Sang "Pendekar" HAM
Para tokoh politik, pemerintahan dan LSM, baik lokal maupun asing, di Indonesia sering berkata kita harus menjunjung tinggi Hak Asasi Manusia (HAM). Tapi apakah sebenarnya mereka benar-benar mengerti tentang HAM itu sendiri? Bila ditanyakan pertanyaan ini kepada mereka, akan dengan lancar mereka mengoceh tentang pengertian HAM berdasarkan textbook. Hm....sesungguhnya dengan berkata seperti itu, menurut gw, mereka tidak mengerti esensi tentang HAM itu sendiri, karena mereka masih mengoceh berdasarkan pengertian yang tertulis di textbook. Mereka tidak berkata dari hati, karena tidak ada esensi HAM di hati mereka. Seperti kata pepatah,"seseorang yang sering berkoar-koar mengatakan kebaikan tentang dirinya, maka sesungguhnya tidak ada satupun kebaikan tentang dirinya." Gw mengenal seseorang yang berpendidikan tinggi, dan seorang pendekar HAM juga. Akan tetapi apakah ada ruh dari HAM itu sendiri di dalam semua tindakannya terhadap orang lain??? Jawabannya TIDAK. Mungkin begitu juga halnya dengan para pendekar HAM yang lainnya dinegeri ini yang selalu berkoar-koar tentang penegakan HAM akan tetapi diri mereka lah yang masih banyak melalukan pelanggaran HAM...sungguh ironis kan??
Bagi gw, HAM sama halnya dengan banyak hal lainnya di dunia ini. Menegakkan HAM sama susahnya maupun sama mudahnya dengan tindakan menyarankan seseorang untuk berhenti merokok, misalnya. Hanya niat dari hati orang itu sendiri yang bisa menjawabnya, bukan peraturan, bukan omongan dan bujuk rayu orang lain, bukan hukuman, bukan program, bukan lain-lainnya.

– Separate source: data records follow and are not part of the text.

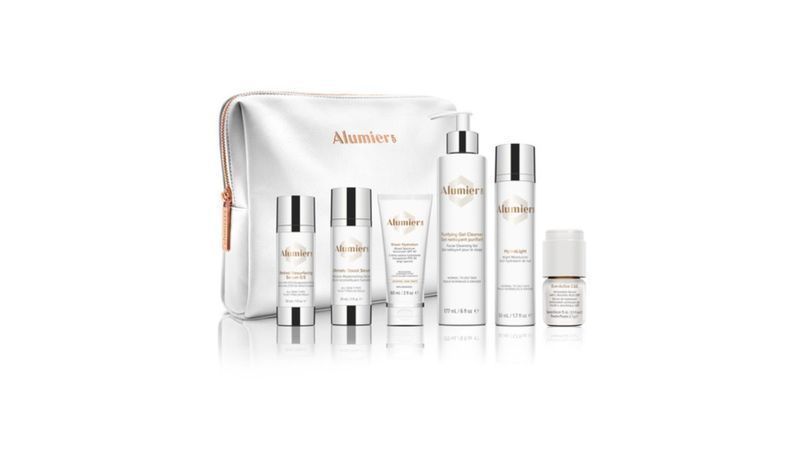 Choosing the Right AlumierMD Products for Your Skin Type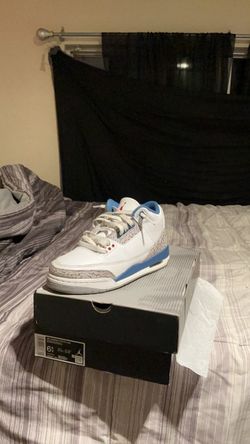 Air Jordan 3 retro (GS)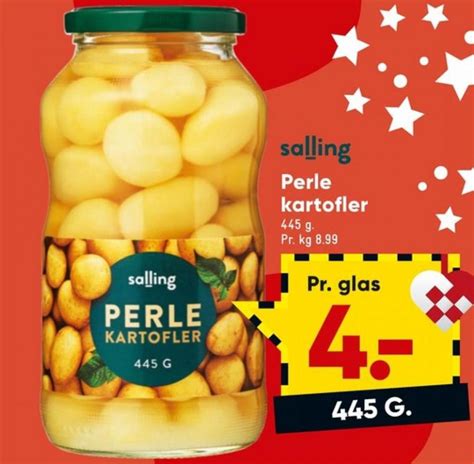 Salling Kartofler Bilka December Alle Tilbudsavis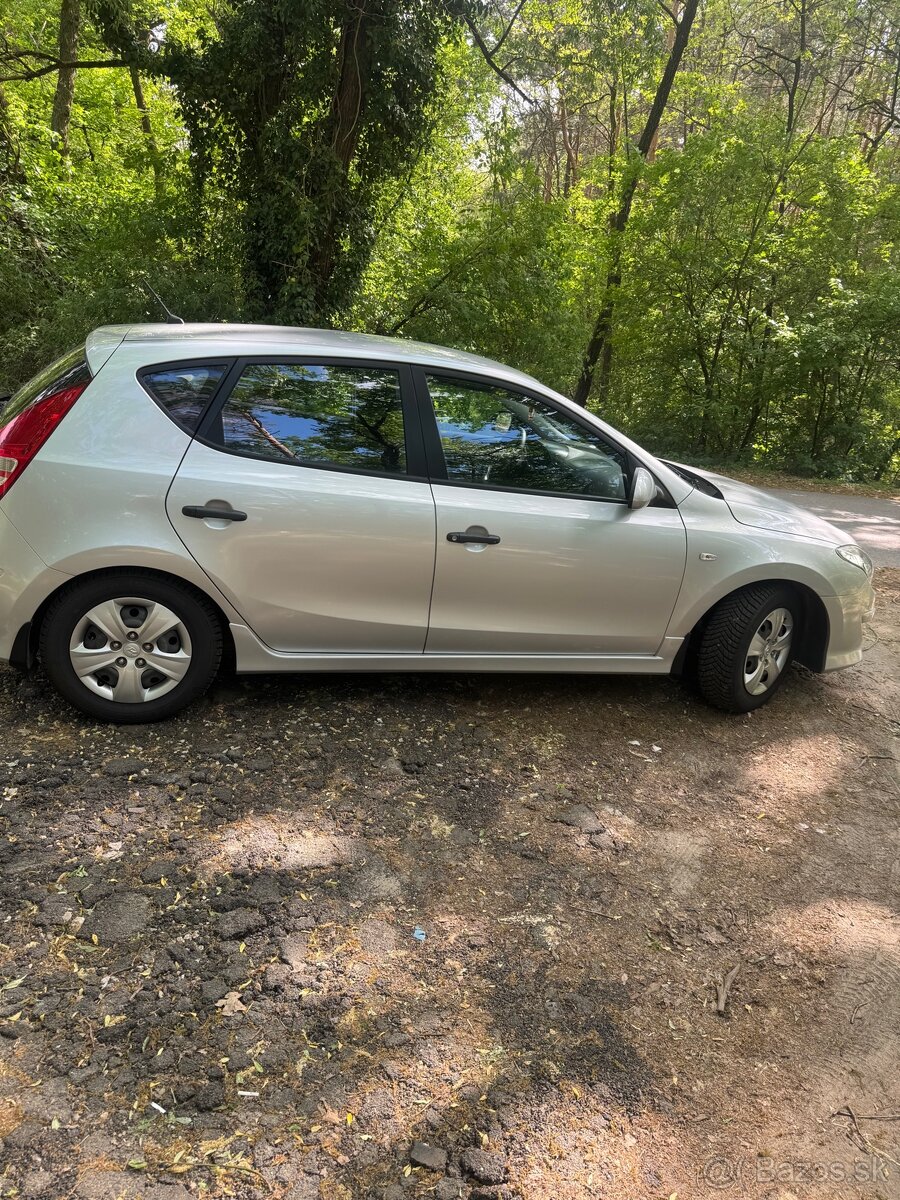 Auto Hyundai I 30 - 3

Seorang pendekar HAM tidak akan beranggapan bahwa dirinya telah melakukan penegakan HAM yang akhirnya perbuatan mereka sendirilah yang malah menodai perkataan mereka sendiri. Para pendekar HAM ini seringkali lupa diri. Seringkali mereka merasa bagaikan seorang ksatria perkasa yang (tadinya) bertujuan untuk menolong orang lemah dan teraniaya, namun malah keperkasaan mereka ini membuat mereka lupa diri, euforia yang terlalu berlebihan, menjadikan diri mereka "super lebih". Dengan perasaan "super lebih" ini mereka seringkali tidak sadar bahwa mereka telah mencemooh dan memandang rendah orang lain hanya karena mereka menganggap diri mereka lebih mulia, lebih humanis karena MERASA telah menegakkan HAM. Padahal sesungguhnya mereka tidak lebih dari seorang penipu atau pedagang pinggir jalan yang dengan omongannya ingin orang lain percaya bahwa diri mereka seperti yang mereka bilang dan koar-koarkan, telah melakukan sesuatu yang benar, yang mulia atas nama kemanusiaan. Apabila sang para pendekar ini mau membuka rahasia hatinya, berterus terang dan jujur kepada diri sendiri, mereka akan malu dengan semua yang mereka lakukan karena seorang pendekar HAM yang tulus tidak akan menghujat, menuduh, mencemooh selain selalu tampil cinta damai dan rendah hati.
Seseorang pendekar HAM, yang benar-benar mengerti esensi dari HAM itu sendiri akan melihat dan mengenal orang lain sebagaimana baiknya dia mengenal dirinya sendiri. Seorang pendekar HAM akan menyadari bahwa kita semua adalah saudara dalam kemanusiaan. Kemanusiaan adalah induk dari kasih sayang. Dan seperti halnya anak-anak manusia dari sepasang orangtua, tidak benar dan tiada hak pula dari seorang anak untuk mengakui bahwa dirinya lebih istimewa dan lebih disayang oleh sang orangtua. Jadi apabila kita yang mengaku sebagai seorang pendekar HAM ingin melindungi orang lain dengan dalih HAM, yakinkan terlebih dahulu apakah benar bahwa diri kita, sang pendekar HAM, telah melindungi diri kita sendiri dengan HAM ataukah malah memperdayakan HAM demi keuntungan pribadi semata?